== The data ==
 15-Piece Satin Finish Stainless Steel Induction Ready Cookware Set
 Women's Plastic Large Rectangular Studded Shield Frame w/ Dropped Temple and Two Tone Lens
---
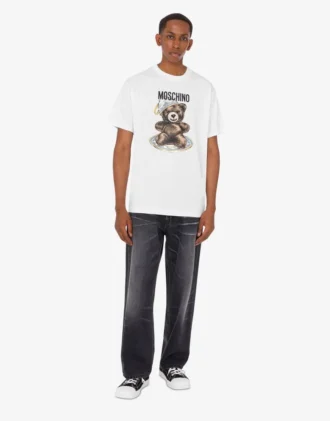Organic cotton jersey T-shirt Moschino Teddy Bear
* * *
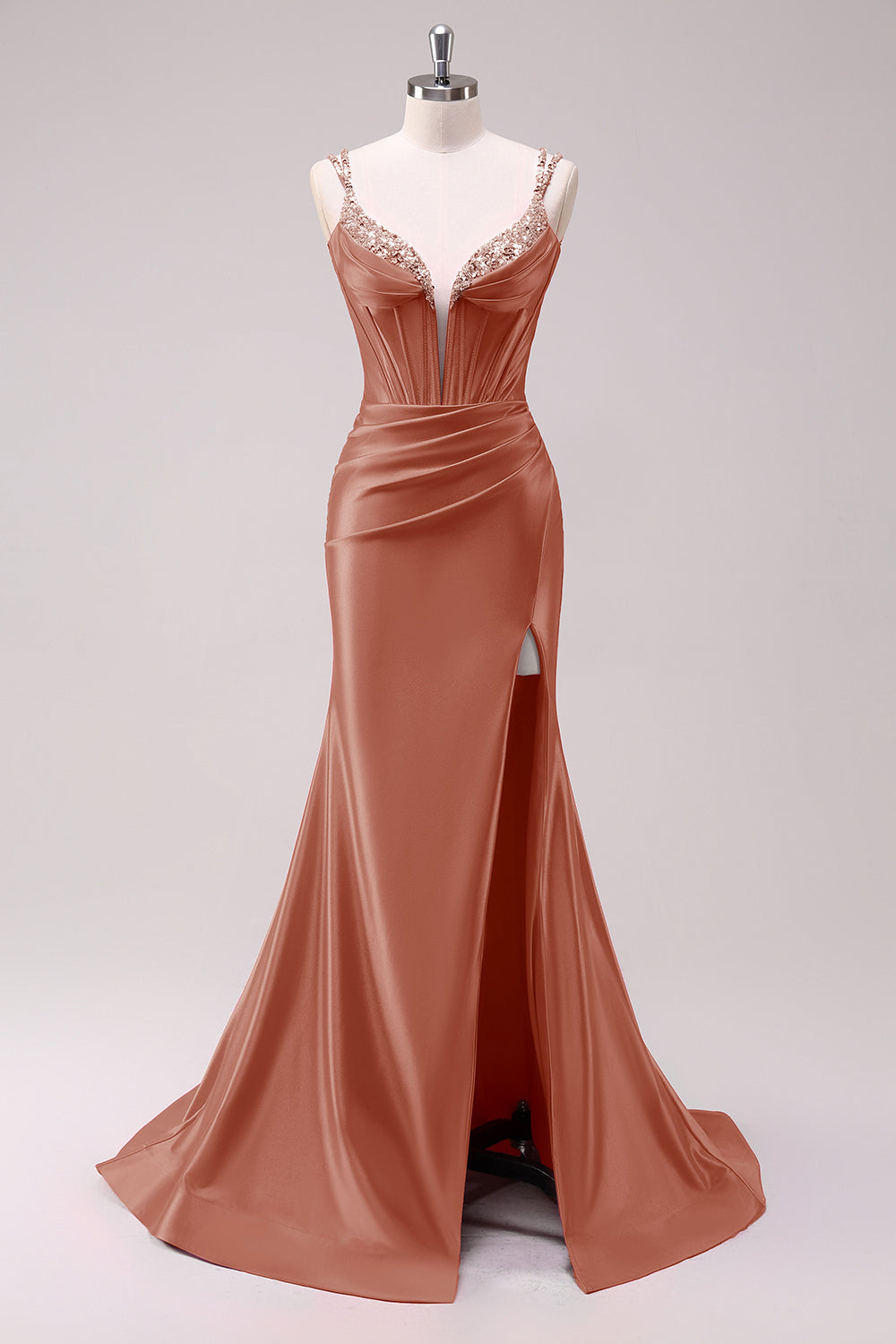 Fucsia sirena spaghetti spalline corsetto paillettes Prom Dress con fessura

== About this exercise ==
In the material above, find the line containing "15-Piece Satin Finish" and the line containing "Women's Plastic Large", then write out exactly those two lines and every line between them, and nothing more.

== Result of this task ==
 15-Piece Satin Finish Stainless Steel Induction Ready Cookware Set
 Women's Plastic Large Rectangular Studded Shield Frame w/ Dropped Temple and Two Tone Lens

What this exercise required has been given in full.